With suitable prep I have few problems but I'll call someone on a mistake immediately and in my opinion that shows far more commitment to the task at hand than coddling them along. Models also learn faster and can depend on praise to be genuine. They love that- knowing exactly where they stand and how they're doing in relation to the people who came before. There are only so many minutes of great light in a day and there is work to be done.
My clients are expected to be able to go directly from working with me to a four figure a day job and they have to be able to get it right from day one- even if the shooter turns out to be of the spray and pray do it variety.
David Bebbington 
, Jan 18, 2012; 04:08 p.m.
Dennis, if your technique works for you, great – I just didn’t know that the Marine Corps trained fashion photographers. I find your comments about a wasted minute strange – one minute to get the model relaxed sounds like a good investment to me. There is no question of “spray and pray” – I know what I want and whether a shot is good or not, but my response to mediocrity is to tell the model “That’s good, but let’s try something better!” rather than “That’s garbage – drop and give me twenty!”
I have to say that your technique is totally at variance with that of all the other pro shooters I’ve ever known. In point of fact I used to find I’d get what I wanted with just one roll of 120 (10 shots), but I would unhesitatingly expend more film or memory card if necessary – the cost of this in relation to the overall cost of a shoot is insignificant. Yes, models with sufficient experience to be ready to turn pro should be capable of delivering on demand and taking direction – the OP is not working with this type of model but with complete amateurs
Nathan Stiles , Jan 18, 2012; 10:20 p.m.
The OP is new to shooting models and doing TFP. I'm wondering how successful Dennis's style would be prior to him having credentials and a portfolio.
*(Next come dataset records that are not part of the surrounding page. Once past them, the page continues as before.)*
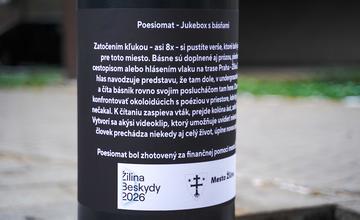 FOTO: Poesiomat v Žiline teší návštevníkov Parku Ľudovíta Štúra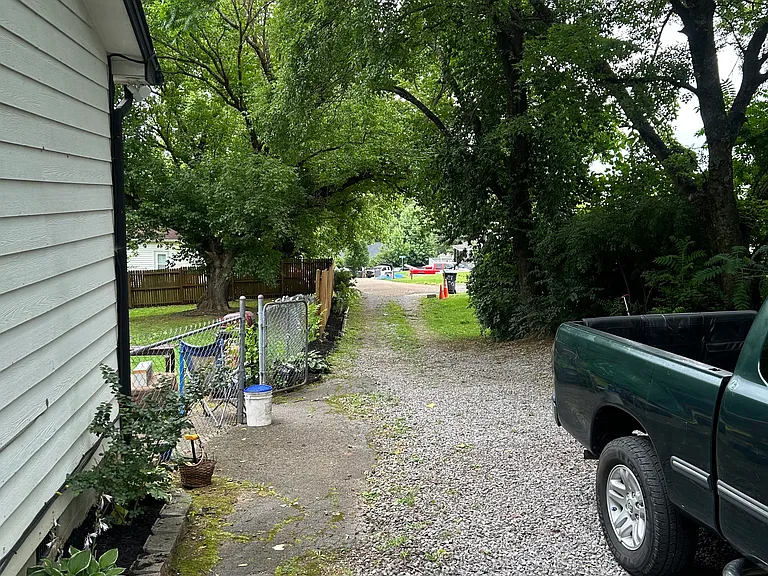 Brice St — Photo 15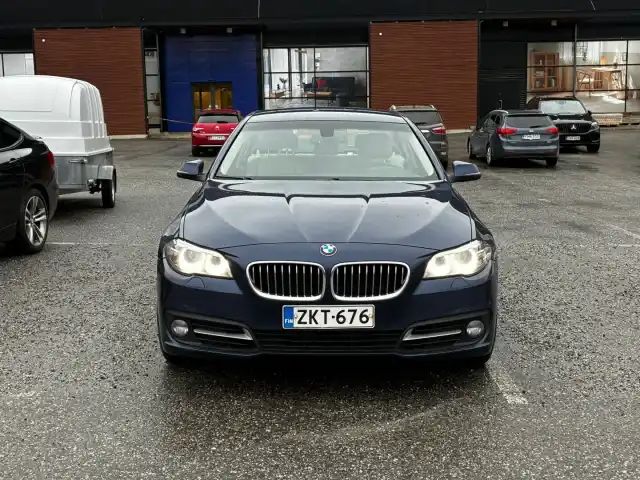 Sininen Sedan, BMW 530 – ZKT-676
At no time during a shoot do I not instruct them on what I want.
In addition I started to see a problem in my work when I did control every aspect of a models pose-- all my shots started to look a like. I found it much more successful, for me, to allow them to pose and correct the parts I didn't like. I also found that after striking a pose, telling them "no" then led me back into having to tell them everything to do again.
Jeff Spirer 

, Jan 18, 2012; 10:28 p.m.
I just didn’t know that the Marine Corps trained fashion photographers
Touché.
My clients are expected to be able to go directly from working with me to a four figure a day job
Congratulations! Pat yourself on the back a few more times!
I'm wondering how successful Dennis's style would be prior to him having credentials and a portfolio.
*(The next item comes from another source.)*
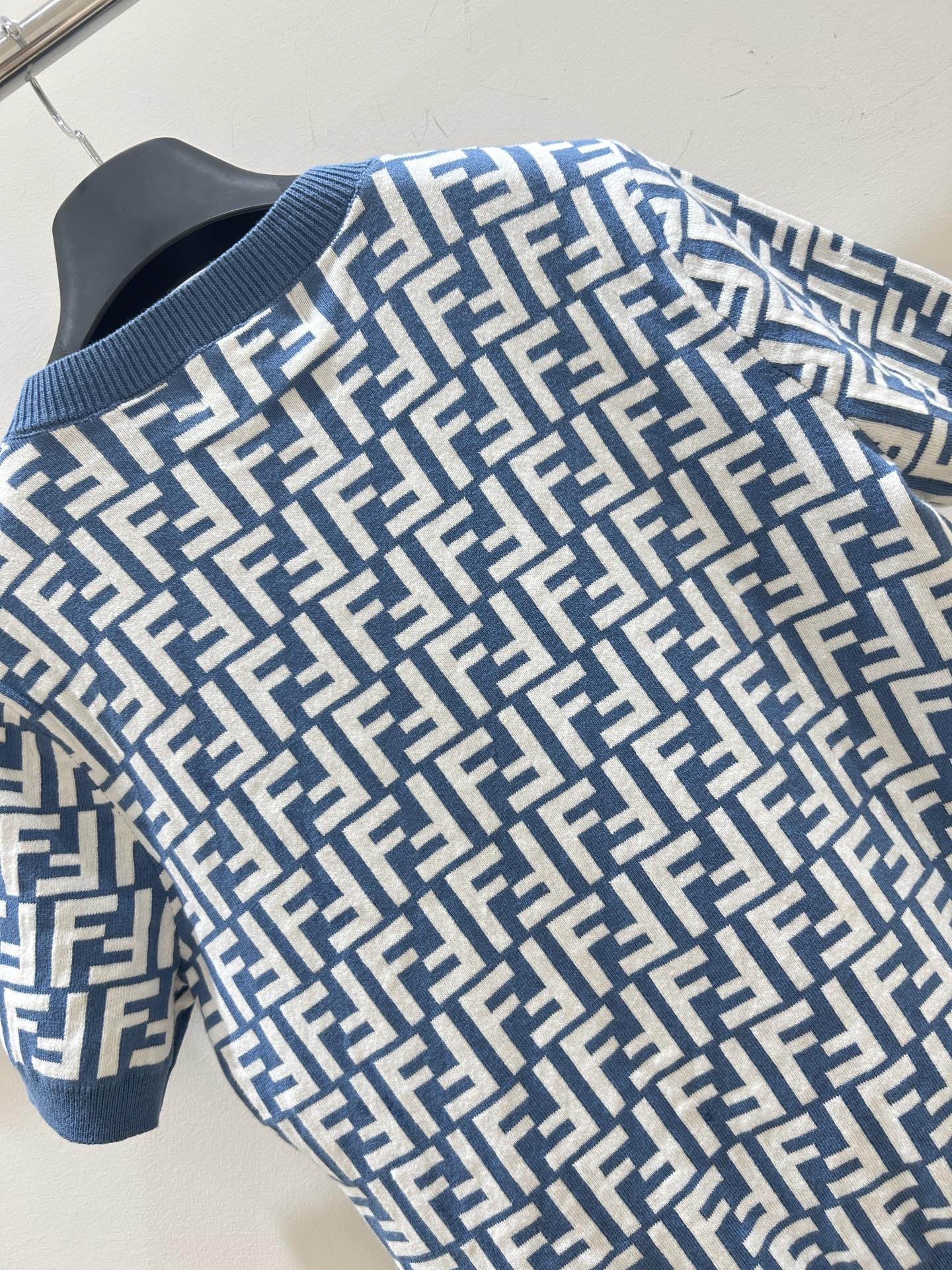 Stylish Single-Size Female Suit with Fendi Lettering and Classic Pattern - 图片 7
Not at all. Dennis just likes to tell everyone how important his shoots are and how irrelevant theirs are. Notice that there isn't the least bit of help offered to someone fairly new to this.
Rob H , Jan 19, 2012; 11:43 a.m.
I am only chiming in because after reading everyones comments to Dennis's "Drill Sergeant " model technique approach, I found this thread just hilarious, it gave me a good chuckle. I almost fell off my chair after reading Dennis's "model techniques".
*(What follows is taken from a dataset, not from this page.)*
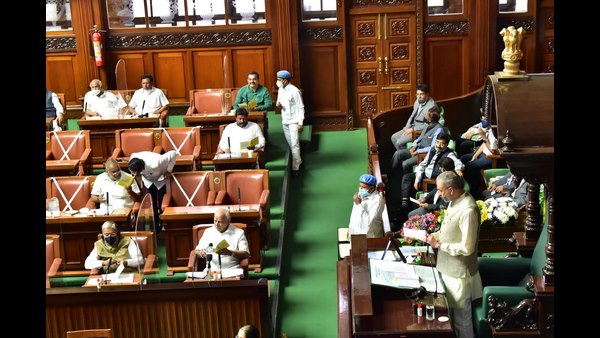 ಚರ್ಚೆ ನಡೆಯಲೇ ಬೇಕು ಎಂದ ಯಡಿಯೂರಪ್ಪ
I will have to admit my model techniques have always been the exact opposite of Dennis's "Drill Sergeant" approach. I think most other professional photographers techniques are the opposite of this approach as well. I have always been encouraging, soft spoken...ect. But maybe some really really bad models out there need or deserve something like this just to get them back in line and to take modeling seriously...then maybe they would appreciate the correct way of model direction?